Magic Magic (2013)
Directed by Sebastian Silva
Chilean writer/director Sebastian Silva’s much anticipated festival hit Magic Magic premiered at Montreal’s Fantasia Film Festival this week, and it garnered a mixed reception from critics and filmgoers alike. The reasoning for this mainly stems from whether the viewers empathized with the seemingly normal supporting characters in the film or the troubled protagonist who descends into madness. Although this conflict of dividing the audience may seem like a serious flaw, it actually proves to be the film’s greatest strength as the state of confusion and utter bewilderment Silva put the audience in is a very intentional move on his part.
Magic Magic introduces the audience to Alicia (Temple), an awkward young woman who already feels the uncomfortable effects of culture clash when visiting her cousin Sarah (Browning) in Chile. Unfamiliar with the language and the social norms, she immediately makes a sour first impression on Sarah’s boyfriend Agustin (Silva), his apathetic sister Barbara (Moreno) and their eccentric and creepy friend Brink (Cera) moments before being forced to travel with them on a twelve-hour road trip (and boat ride) to a cottage getaway far away from civilization.

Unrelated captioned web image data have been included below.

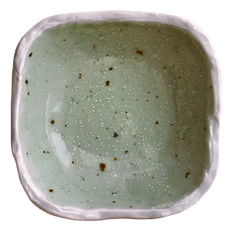 佐和陶瓷 小方缽 日本製, 薄綠梨地, 1個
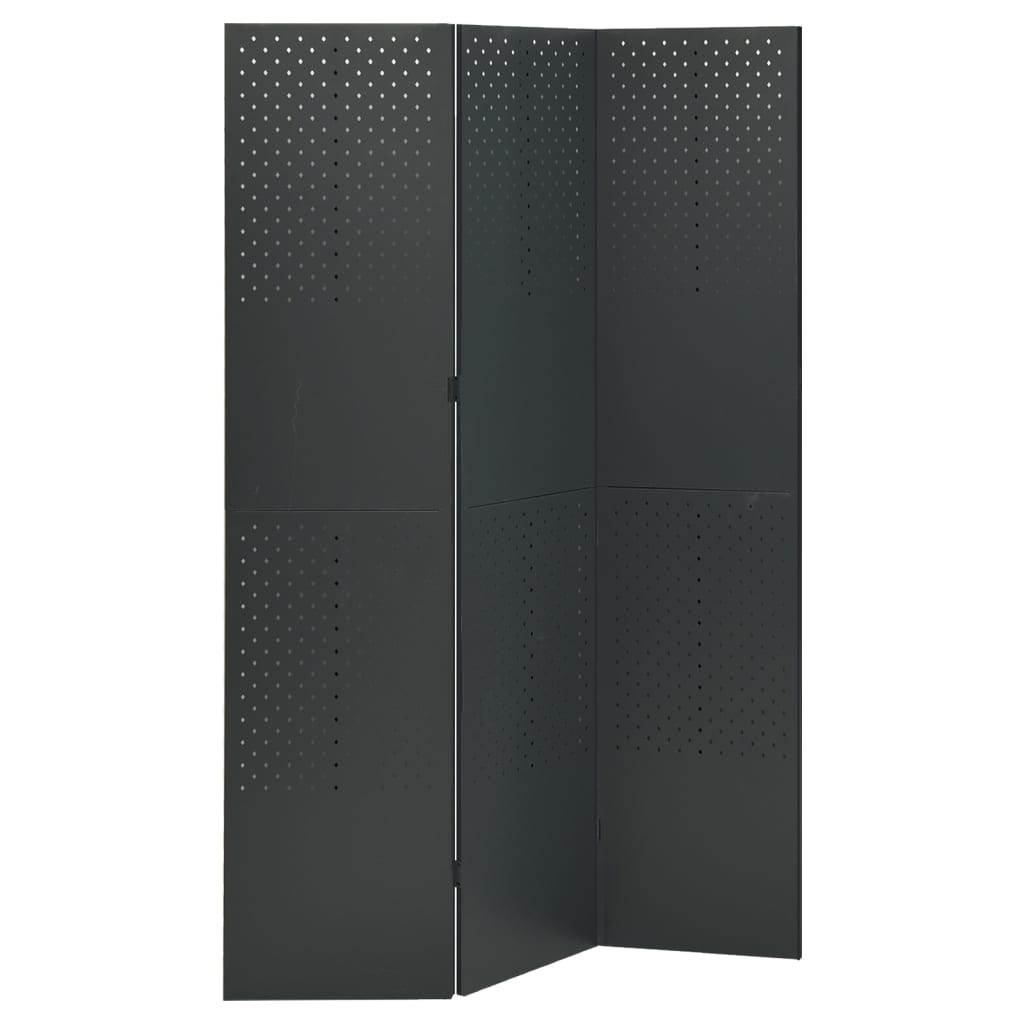 vidaXL 3-Panel Room Divider Anthracite 47.2"x70.9" Steel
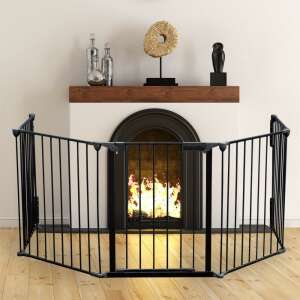 Fekete acél kandalló védőrács ajtóval, XL méret, nagy kandallókhoz alkalmas - Kandalló & Kályha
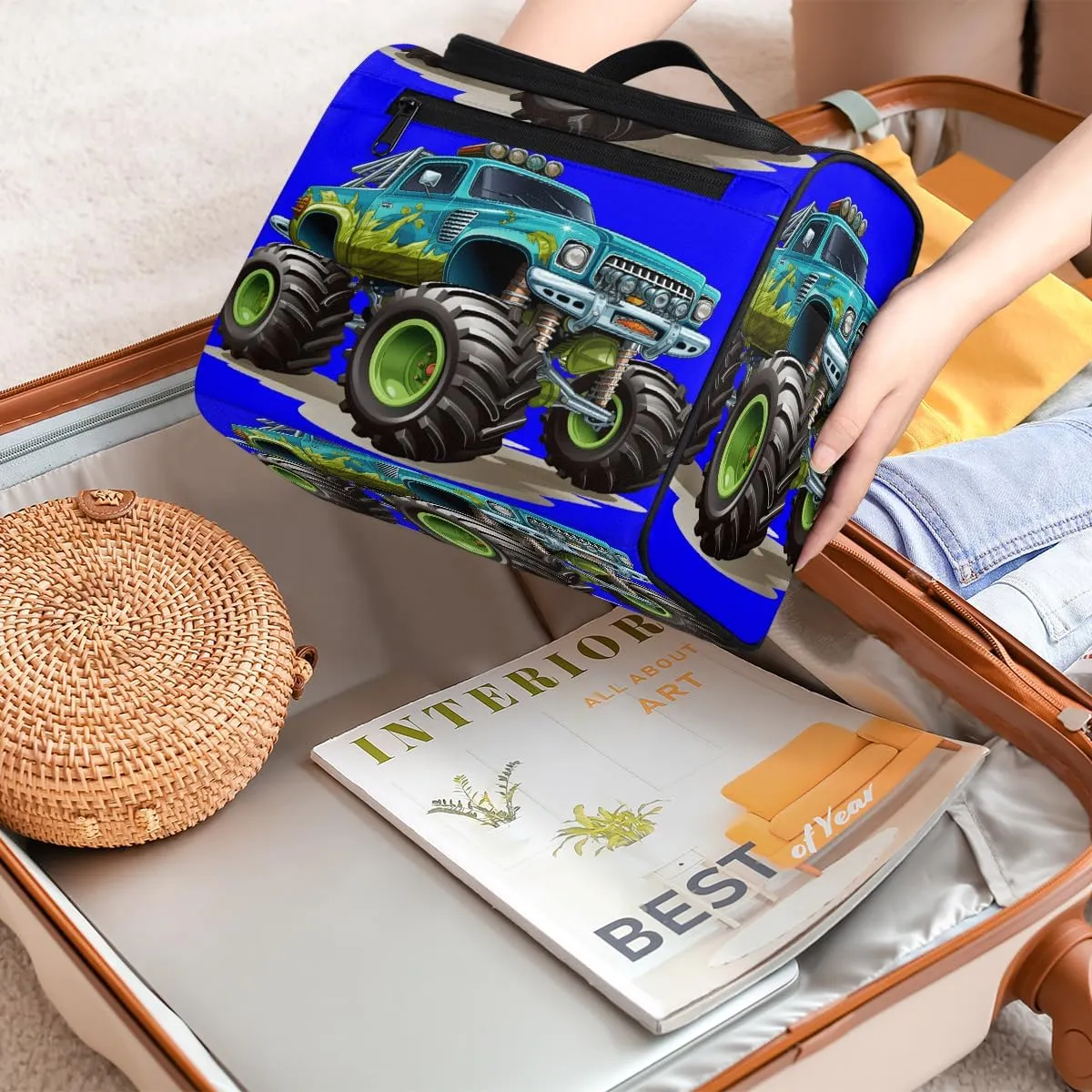 Cartoon Cool Monster Truck Travel Toiletry Bag for Men and Women, Large Hanging Makeup Bag Organizer Toiletries Bag for Travel, Cosmetic Bag with Handle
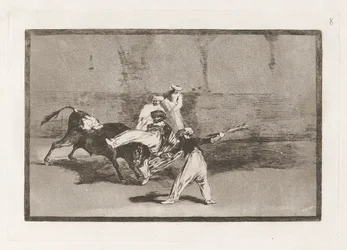 Cogida de un moro estando en la plaza (Ein Maure wird in der Arena vom Stier gefangen), Platte 8 aus La tauromaquia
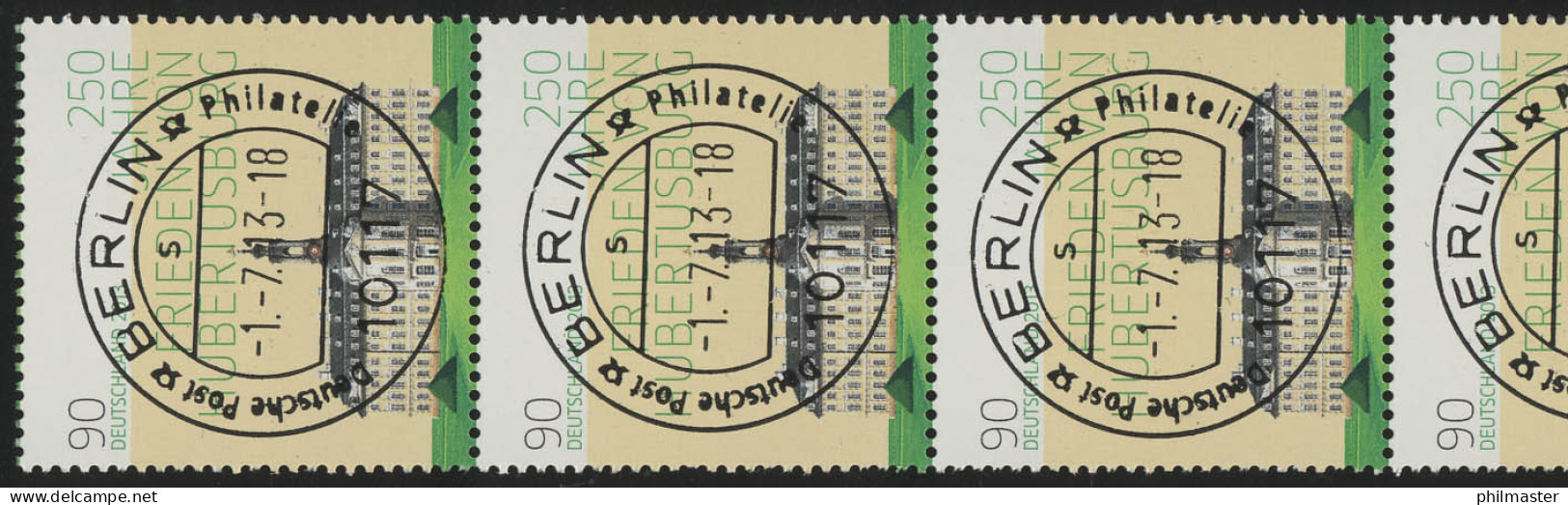 2985 Hubertusburg 5er-Streifen, GERADE Nummer EV-O Berlin - Rolstempels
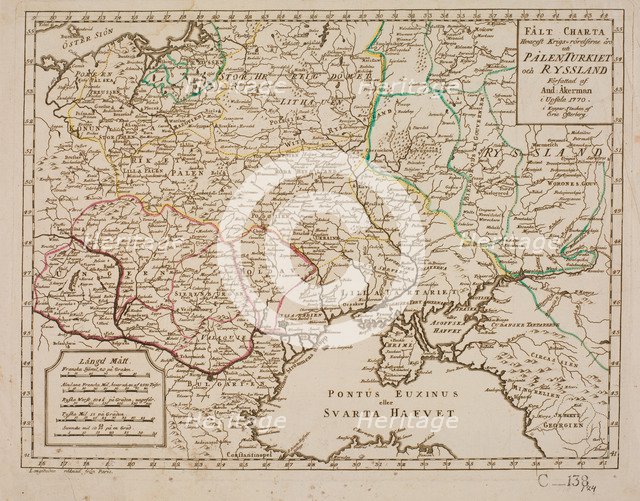 The theater of the Russo-Turkish War. Poland, Turkey and Russia , 1770.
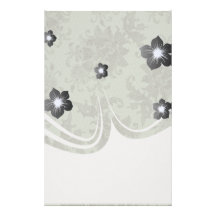 ornate green floral damask personalised stationery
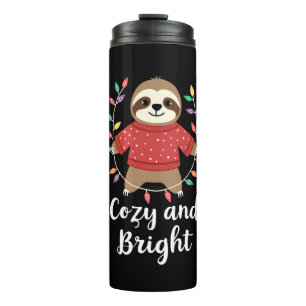 Cozy And Bright Sloth Christmas Lights (3) Thermal Tumbler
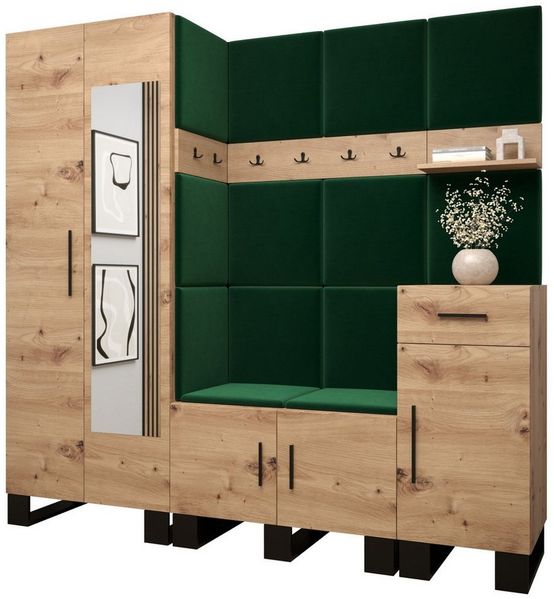 ABIKS MÖBEL Garderoben-Set ARTIN Set 13 Garderobe mit gepolsterten Paneelen, Industriell Design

To make matters worse for poor Alicia, her cousin unexpectedly leaves to go back home to complete an exam (a blatant lie) for a couple of days and leaves Alicia stranded with the group of strangers who already make her feel far too uncomfortable as is.
During her stay at the cottage, she is exposed to Brink’s cruelty to animals, Agustin’s hypnotizing tricks and Barbara’s strict rules; and by the time Sarah makes it the cottage a couple of days later, Alicia displays signs of temporary insanity and the group grows more concerned for her well-being. Is Alicia under the effects of hypnotism, being gaslighted by Brink or simply suffering from an extreme mental disorder? The answer will be easily answered to some while also leaving many viewers in the dark, depending on their interpretation of the events that follow.
Considering the eerie premise and the equally discomforting trailer for Magic Magic, many viewers will be under the impression that this psychological thriller will focus on a far more evil storyline; however, Silva develops the misconception of the title with heart-rending and sardonic grandeur. Much like Aronofsky’s Black Swan, the film delves into the horror growing within Alicia rather than focusing its energy on the surroundings, and because of that it may disappoint those expecting to see a more conventional horror film.
All of the actors give spot-on performances, and Juno Temple (no stranger to socially inept roles) delivers an outstanding performance as the misunderstood lead; whereas, Michael Cera breaks out of his comedic comfortable zone by providing some much needed edge to his nerdy persona.
Magic Magic is not a film that can be easily digested after the first viewing as many will feel it’s a well-acted, yet pointless thriller simply made to make the viewers’ squirm uncomfortably in their seats. Although, days after watching the film, skeptics (just like this reviewer) are bound to feel guilty about not comprehending the foray of real-life horror Silva delves into so effortlessly.